Edward Thomson

Git for Windows: Line Endings

March 20, 2018  •  5:04 PM

If you’re on a team of Windows developers - or more importantly, on a cross-platform development team - one of the things that comes up constantly is line endings. Your line ending settings can be the difference between development productivity and constant frustration.

The key to dealing with line endings is to make sure your configuration is committed to the repository, using .gitattributes. For most people, this is as simple as creating a file named .gitattributes at the root of your repository that contains one line:

* text=auto

With this set, Windows users will have text files converted from Windows style line endings (\r\n) to Unix style line endings (\n) when they’re added to the repository.

If you're bored already, you can probably stop reading right now.

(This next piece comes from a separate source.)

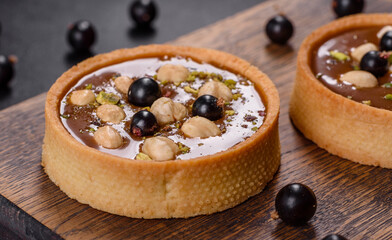 Delicious fresh nougat and nut tart with fresh berries on a wooden cutting board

For most developers - in most repositories - this is all you need to know.

Why not core.autocrlf?

Originally, Git for Windows introduced a different approach for line endings that you may have seen: core.autocrlf. This is a similar approach to the attributes mechanism: the idea is that a Windows user will set a Git configuration option core.autocrlf=true and their line endings will be converted to Unix style line endings when they add files to the repository.

The difference between these two options is subtle, but critical: the .gitattributes is set in the repository, so its shared with everybody. But core.autocrlf is set in the local Git configuration. That means that everybody has to remember to set it, and set it identically.

The first, best option you have to get this right is when you’re installing Git for Windows:

Git for Windows Installer: core.autocrlf

You probably want the first option, but you’d be forgiven if you didn’t know that the first time you ran the installer.

The problem with core.autocrlf is that if some people have it set to true and some don’t, you’ll get a mix of line endings in your repository. And that’s not good - because his setting doesn’t just tell Git what you want it to do with files going in to your repository. It also tells Git what you’ve already done, and what the line endings look like on the files that are already checked in.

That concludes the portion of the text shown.